Es el caso de Yaya Bushcraft, una jubilada de 71 años que, con una pensión ajustada, ha decidido irse a vivir a una cabaña hecha por ella en las montañas de Girona porque no quiere pagar alquiler, no quiere vivir en un piso y tampoco se siente cómoda en las grandes ciudades. Así lo ha contado en una entrevista para el canal de YouTube de Diego Revuelta.
La jubilada, que cobra una pensión de unos 800 euros mensuales, asegura que buena parte de ese dinero se le va en comida. “Puedo pagar alquiler, pero me lo suelo gastar en comer”, afirma. Por eso, ha decidido montar su propio refugio en la montaña.
Se construye una cabaña para no pagar un alquiler
Yaya empezó a construir cabañas a los 68 años y, aunque no tenía experiencia previa, aprendió viendo vídeos en internet y probando. A día de hoy, cuenta que ha levantado cuatro cabañas hasta dar con la que considera actualmente su casa, y asegura no haberse gastado ni 5.000 euros.
“No me gustan las casas de cemento, no me gustan los pisos”, señala, haciendo hincapié en que su objetivo es “vivir y morir” en una cabaña construida con sus propias manos, porque para ella, el valor está en haberse hecho un hogar a su medida y no depender de un alquiler.
“La gente está amargada por hacer ocho horas diarias para cobrar un sueldo, comprarse un piso que van a estar toda su vida pagando”.
Yaya se fue de casa de sus padres cuando tan solo tenía 17 años y nunca ha compartido la idea de trabajar toda la vida para pagar una vivienda, ya que nunca se ha sentido identificada con ese modelo.
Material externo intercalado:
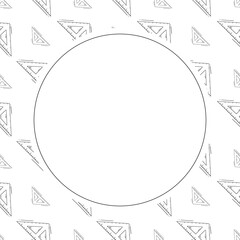 ruler frame. doodle ruler circle frame. hand drawn ruler frame background. ruler background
Así, para la jubilada, vivir en la montaña no es solo una forma de ahorrar, sino una manera de estar en paz.
“Me gusta estar a mi bola”, resume, convencida de que la libertad que buscaba no la iba a encontrar en un piso ni en una vida en la que tuviera que estar atada a un alquiler. Por ello, asegura que quiere seguir haciendo “cabañas en la montaña y morir en una de ellas”.